**Your task:** In the entries below, begin at the line with "Fjallraven Logo Cap Hat - Unisex" and stop after the line with "Multifunctional Laser Color"; output those lines exactly and omit the pictures.

**Data provided:**
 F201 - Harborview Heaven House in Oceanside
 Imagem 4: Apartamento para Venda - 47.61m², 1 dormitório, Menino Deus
==
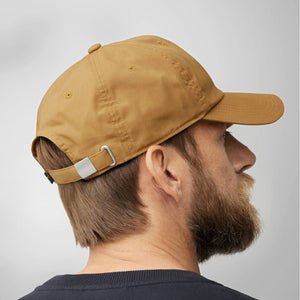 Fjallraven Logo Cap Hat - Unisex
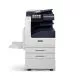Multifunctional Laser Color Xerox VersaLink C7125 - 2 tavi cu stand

**Your solution:**
 Fjallraven Logo Cap Hat - Unisex
Multifunctional Laser Color Xerox VersaLink C7125 - 2 tavi cu stand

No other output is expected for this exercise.